I burnt a hole in the dining room table.
now let me see, I guess that's all.
Nothing left for me to say
and so I'll close and by the way,
everybody's thinking of you
PS I love you."
OMG I'm getting all emotional as I type!
PS I Love You by, Music Gordon Jenkins and lyric Johnny Mercer - again!

Liz said...

and this:
Hey there cutes, put on your dancin' boots
and come dance with me
Come dance with me, what an evening for
Some Terpsichore

Composed by Jimmy Van Heusen, Lyrics by Sammy Khan
Liz

Miles Watson said...

The first line of the verse of Stardust by Mitchell Parrish:-
And now the purple dusk of twilight time
Steals across the meadow of my heart.

The genius of Cole Porter in Kiss Me Kate with Brush Up Your Shakespeare, with my favourite lines
If she says your behavior is heinous
Kick her right in the Coriolanus
Brush up your Shakespeare
And they'll all kow tow.

Lance said...

They keep popping up - got out of bed to post this one!
Keep Betty Grable, Lamour and Turner
She makes my heart a charcoal burner
No angel can replace
My Nancy with the laughing face.
Music Jimmy Van Heusen. lyric Phil Silvers.

Anonymous said...

I should care, I should go around weeping
I should care, I should go without sleeping
Strangely enough, I sleep well
'cept for a dream or two
But then I count my sheep well
Funny how sheep can lull you to sleep
So I should care, I should let it upset me
I should care but it just doesn't get me
Maybe I won't find someone as lovely as you
But I should care and I do
Roly

Daryl Sherman said...

'EARLY AUTUMN' MERCER'S POETRY INDEED. I ESPECIALLY LOVE when an early autumn WALKS THE LAND....it's so Johnny and Southern..not to mention DANCE PAVILION IN THE RAIN ALL SHUTTERED DOWN. SUCH VISUAL IMAGES...

other than the greats already mentioned: I THINK CAROLYN LEIGH IS BRILLIANT: "out of the tree of life I just picked me a plum" WOW. OR HER LYRIC FOR "HOW LITTLE WE KNOW" "how little we understand what touches off that tingle..that sudden explosion when two tingles intermingle"

OR ...IN WHEN IN ROME..."don't deplore my fondness for fundador..you know how a fundador can lead to a few" LEAVE IT TO CAROLYN LEIGH TO KNOW OF THE BUZZ FROM THIS LESSER KNOWN SPANISH BRANDY!!

HOW'S THAT??? I HOPE THEY STOCK FUNDADOR AT THE JAZZ PARTY BAR !!
un abrazo fuerte,
Daryl

Gabriele Heller. said...

Sorry for my late response.

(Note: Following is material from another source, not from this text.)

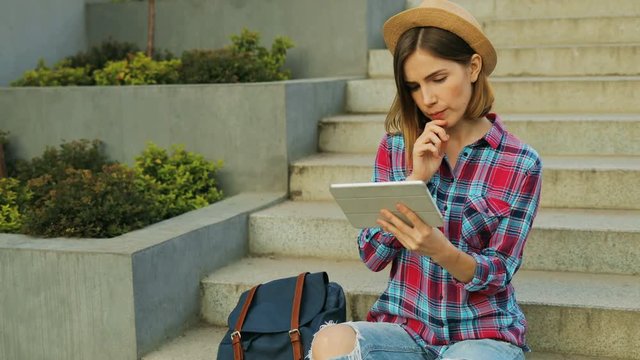 Young stylish girl sits on steps and holding hands jn the tablet. Girl student communicates in social networks with friends by typing messages with stairs in the background.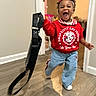 child, toddler, indoor, running, red_sweatshirt, hello_kitty, blue_pants, white_shoes, headband, black_strap, smiling, happy, curly_hair, wooden_floor, doorway, wall, person, clothing, playful, motion_blur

Just returned from a family holiday. So here is my spontaneous selection from the song Speak Low by Kurt Weil and Ogden Nash:

We're late, darling, we're late
The curtain descends, ev'rything ends too soon, too soon
I wait, darling, I wait
Will you speak low to me, speak love to me and soon?

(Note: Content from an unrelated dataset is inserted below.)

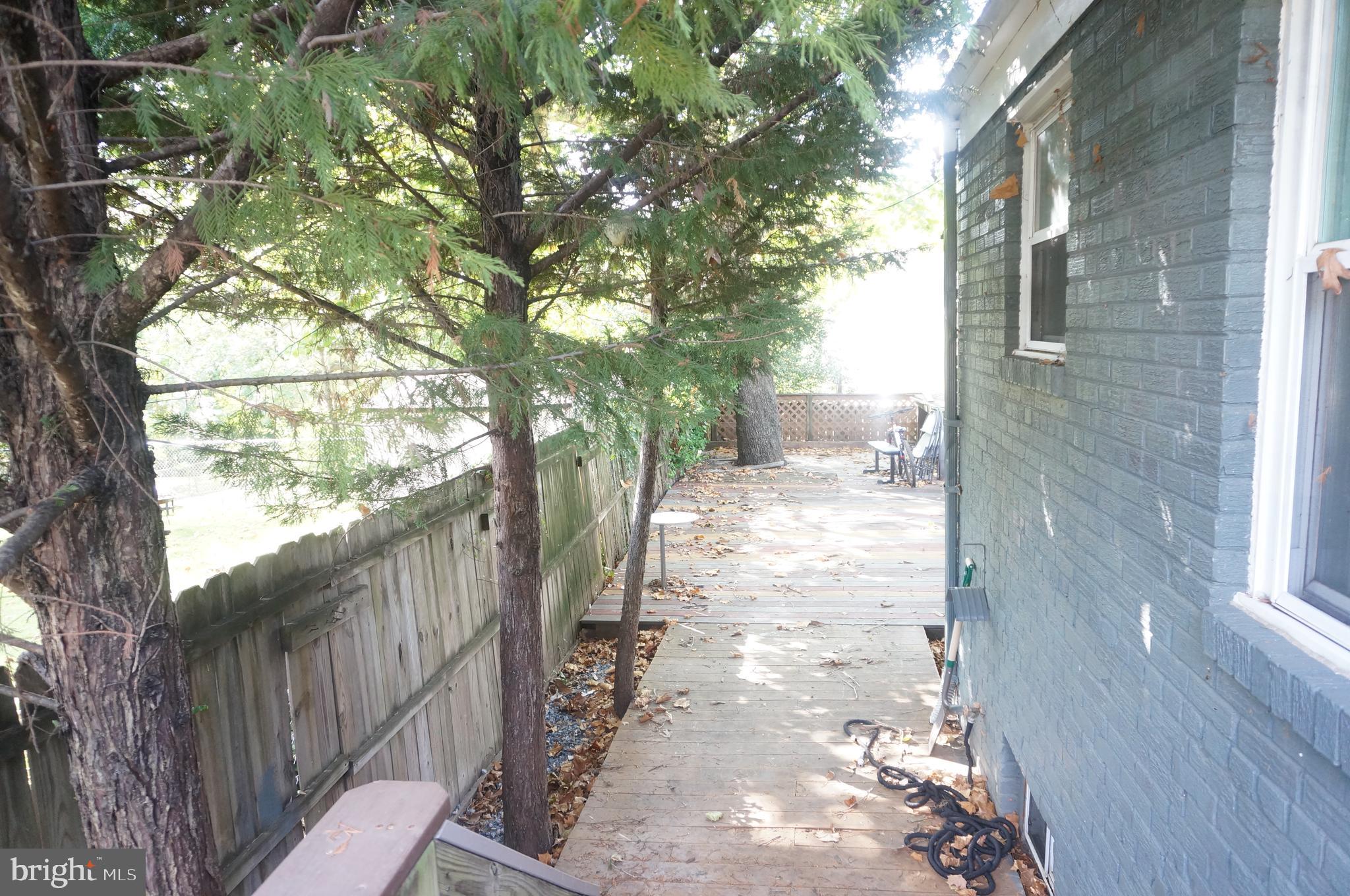 5603 Hawthorne Street Cheverly, MD 20785 - Photo 81 of 88 a view of a yard with wooden fence and a bench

It doesn't come with an unusual rhyme but I like the open end of the last line of the song.

Anonymous said...

are you SMART

Anonymous said...

very clever and Porter was an Ace at Lyrics

Anne DeVere said...

One lyric which tickled my funny bone And the band behind me (you could hear the muffled guffaws) was----
I'll hold out my hand
and my heart will be in it!!!!!
"For All We Know". Music Fred Coots, Lyric Sam M. Lewis.

Lance said...

I've mortgaged all my castles in the air..
Everything Happens to Me - Matt Dennis.